Your obedient servant, &c., &c., &c.,

[Inclosure 2 in No. 35.]

Mr. Williamson to Señor Soto.

Sir: I have the honor to acknowledge the receipt of your esteemed communication of the 4th instant, inclosing a copy of a report made to your excellency on the 2d instant by Don Delfino Sanchez, the consul of Guatemala at the establishment of Belize, in regard to the movements of the steamship General Sherman and the bombardment of the fortress of Omoa by the British man-of-war Niobe. This very interesting report will be promptly forwarded to my Government, and I do not hesitate to assure you that I shall recommend the adoption of such a course toward the General Sherman as will be likely to prevent her, or similar crafts, from engaging in revolutionary expeditions against any of our neighbors of Central America.

I shall also call the attention of my Government specially to the statement of the consul in regard to bombardment of Omoa; but, at the same time, it will be my agreeable duty to communicate the facts upon which the commander of the Niobe (as I understand) rests his justification for bombarding the fort of a friendly power without having first afforded the government an opportunity to make redress for the wrongs complained of.
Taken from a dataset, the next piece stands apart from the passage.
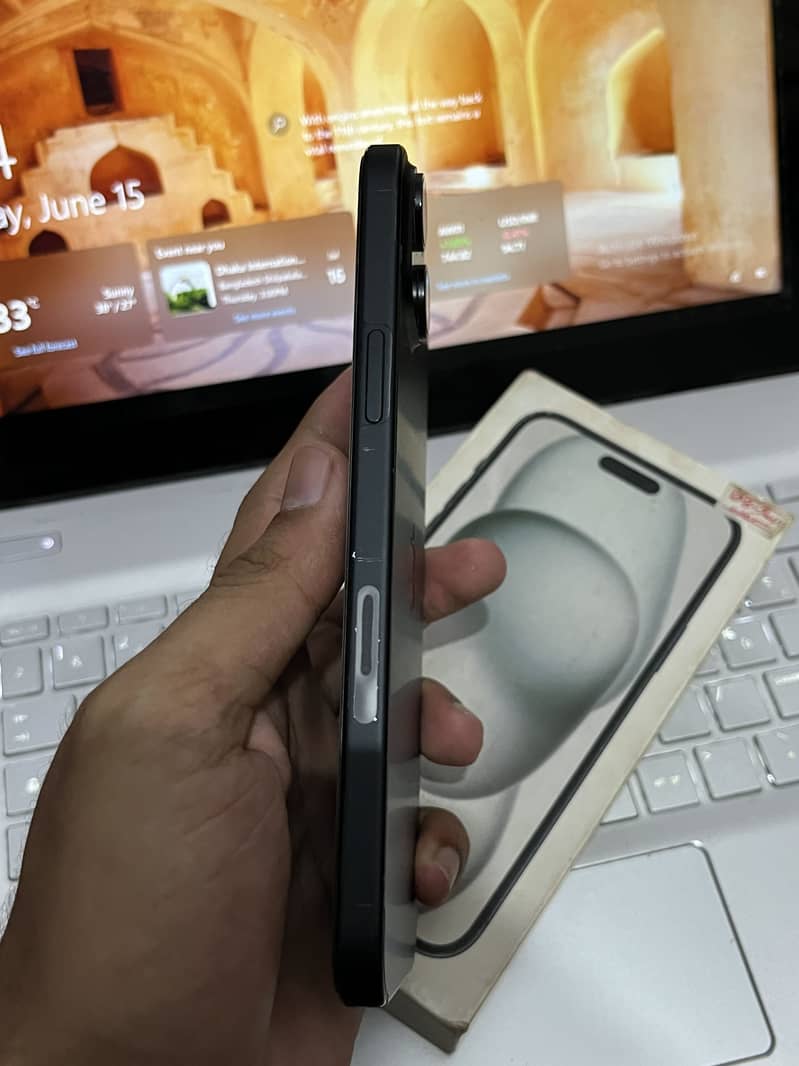 Apple iPhone 15 plus 6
It is probable the government of your ally and our friend, Honduras, will put me in possession of the statement or report of its commanding officer at Omoa, General Straeber.

Before concluding this communication, I beg to thank your excellency for the copy of the report of your consul, and to renew assurances, heretofore given, that my Government takes the most lively interest in all matters that concern the peace and prosperity of Guatemala and the other states of Central America, and cordially sympathizes with their governments in their efforts to suppress factious disturbances of public order.

I have the honor to assure your excellency of my distinguished consideration, and to subscribe myself your obedient servant,


His Excellency Senor Lic’do Don Marco A. Soto,
Minister of Foreign Affairs, Guatemala.